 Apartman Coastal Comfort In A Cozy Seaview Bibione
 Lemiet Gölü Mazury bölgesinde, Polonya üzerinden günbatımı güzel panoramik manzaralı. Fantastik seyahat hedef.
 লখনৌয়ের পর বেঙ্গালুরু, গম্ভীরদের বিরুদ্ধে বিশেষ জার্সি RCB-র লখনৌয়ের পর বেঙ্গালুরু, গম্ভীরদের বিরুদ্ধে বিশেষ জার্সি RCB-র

==

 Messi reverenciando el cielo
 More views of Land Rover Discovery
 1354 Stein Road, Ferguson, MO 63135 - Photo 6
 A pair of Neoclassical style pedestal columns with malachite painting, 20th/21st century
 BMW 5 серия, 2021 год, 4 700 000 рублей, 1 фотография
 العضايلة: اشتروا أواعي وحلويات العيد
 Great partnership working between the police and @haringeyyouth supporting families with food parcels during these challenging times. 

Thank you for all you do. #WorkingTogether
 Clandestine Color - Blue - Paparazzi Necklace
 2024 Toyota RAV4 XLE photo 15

Directions for this task:
Go through the entries above and copy each line holding the string "with".

Answer to the exercise:
 A pair of Neoclassical style pedestal columns with malachite painting, 20th/21st century
 Great partnership working between the police and @haringeyyouth supporting families with food parcels during these challenging times. 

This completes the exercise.